Excavation Diary Entry

Name: Tuukka Kaikkonen 
Team:  
Date: 8/5/2013 
Entry: I switched to reopening the wall (F 2424) next to the buttress (F 5063) in order to spread out the work more evenly and be done before building 106 to the east will be reopened. We had not been given exact schedules before but Peter wished I would finish the feature before the end of the Ramadan on Wednesday (7 August), after which we will work in the labs instead of the trenches until next Sunday. To get the work done, I need to take a much rougher approach. It will impact the resolution of the work I’m doing, but the upper levels are pretty ravaged already.

As always, fieldwork is much about finding a balance between time and resolution according to the priorities and questions we are pursuing.
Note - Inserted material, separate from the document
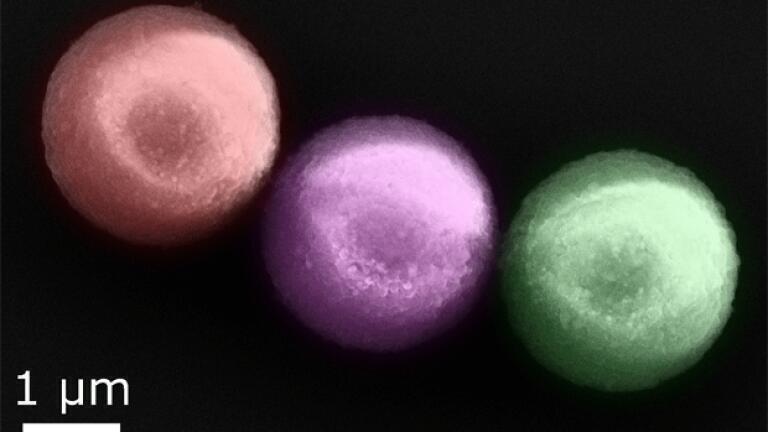 A close-up of three magnetic particles (false colour)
I suppose that the occupants of the mound also were also balancing between modifying, repairing, starting and abandoning buildings. Currently it seems that the bricks on my wall were sloping downwards to the west, into building 105. If that was the case, the buttress 5063 may be a later addition, built to prevent further collapse. The buttresses were new solutions to old problems that people on the east mound had been encountering. In a cramped environment with little space for extensive modification or establishment of new buildings, extending the use life of the building through buttressing it would have been a logical step. However, could it be possible that the loping of the walls has happened after occupation?

This hypothesis may be strengthened if there is evidence of similar preventive buttressing in the other buildings. If there isn’t, it’s even more interesting how the buttresses seem to be an ongoing feature despite the variations in building materials. Along with the lack of wall paintings, the buttresses apparently were some of the most significant and visible differences to the east mound buildings. Nevertheless, all these changes seem to have ben internal to the houses rather than making statements of difference on the exteriors of the houses. This could be just an artifact of preservation and research focus, but seems to go rather well with the people’s obsession with house living even as the spaces got increasingly cramped.

It’s nice experimenting with ideas, no matter how ridiculous they’ll sound a fewdays or weeks from now. If the ideas change, maybe that'll be a sign of us having learnt at least something new.